(Beginning of EXERCISE DATA)

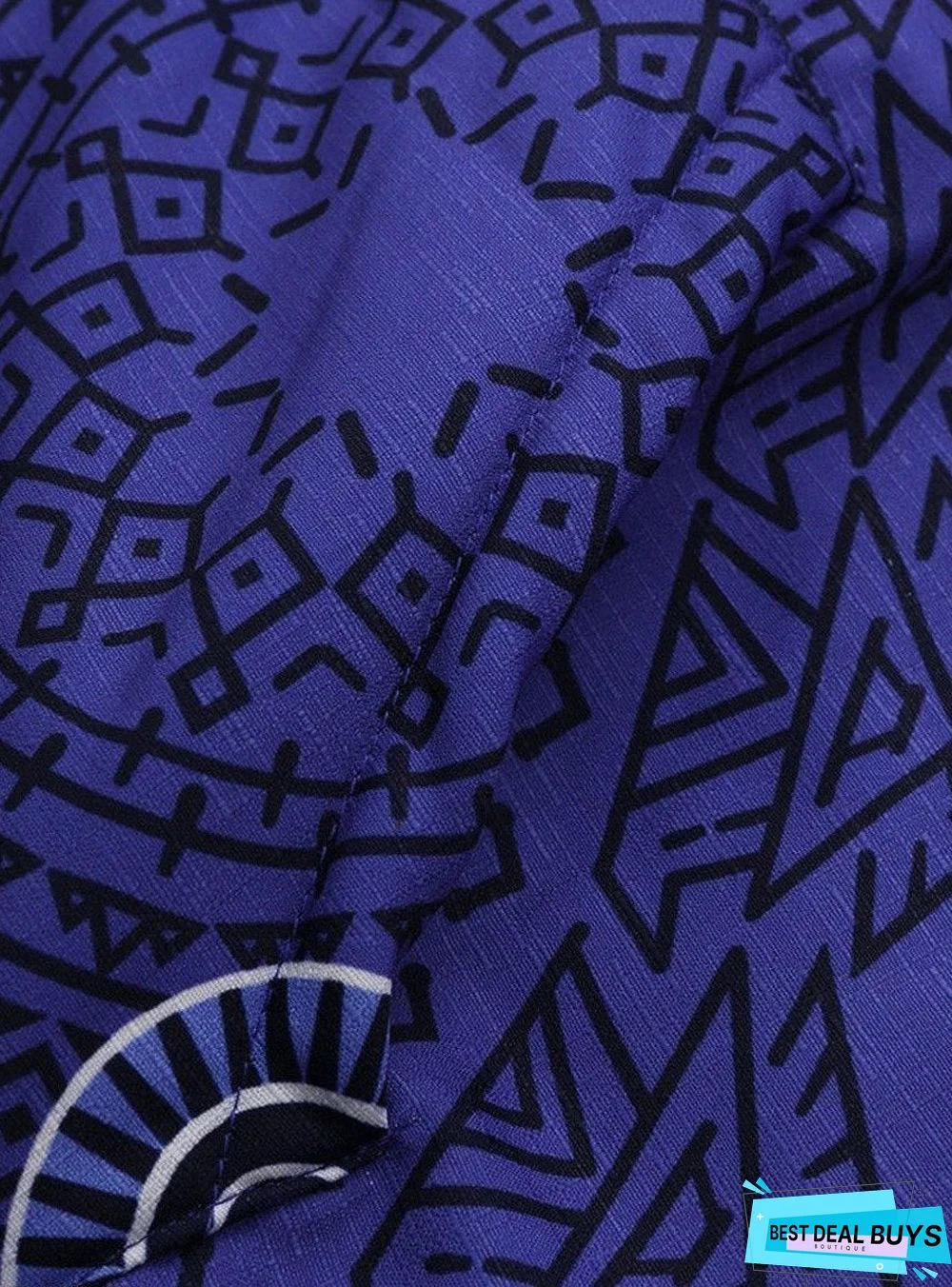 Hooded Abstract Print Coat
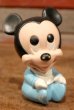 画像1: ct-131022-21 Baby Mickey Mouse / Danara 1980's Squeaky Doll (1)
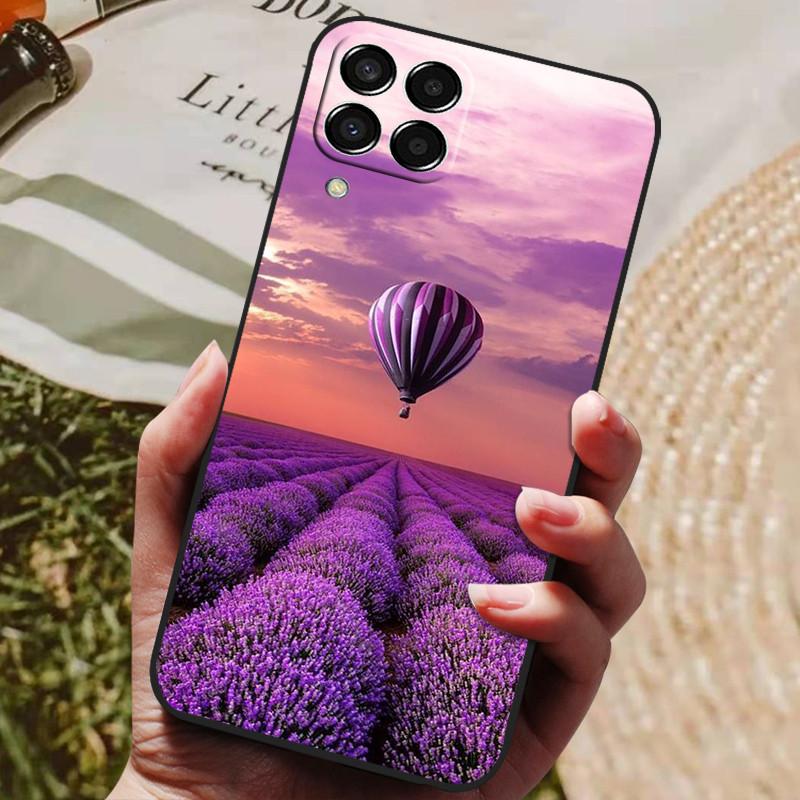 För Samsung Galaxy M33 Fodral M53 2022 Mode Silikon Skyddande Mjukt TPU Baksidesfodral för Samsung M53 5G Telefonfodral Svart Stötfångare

(End of EXERCISE DATA)

ACTIVITY: A word-for-word copy of the lines from the one with "画像1: ct-131022-21 Baby" through the last line of the data above is required, with both end lines included and no pictures.

REPLY TO THE EXERCISE:
 画像1: ct-131022-21 Baby Mickey Mouse / Danara 1980's Squeaky Doll (1)
 För Samsung Galaxy M33 Fodral M53 2022 Mode Silikon Skyddande Mjukt TPU Baksidesfodral för Samsung M53 5G Telefonfodral Svart Stötfångare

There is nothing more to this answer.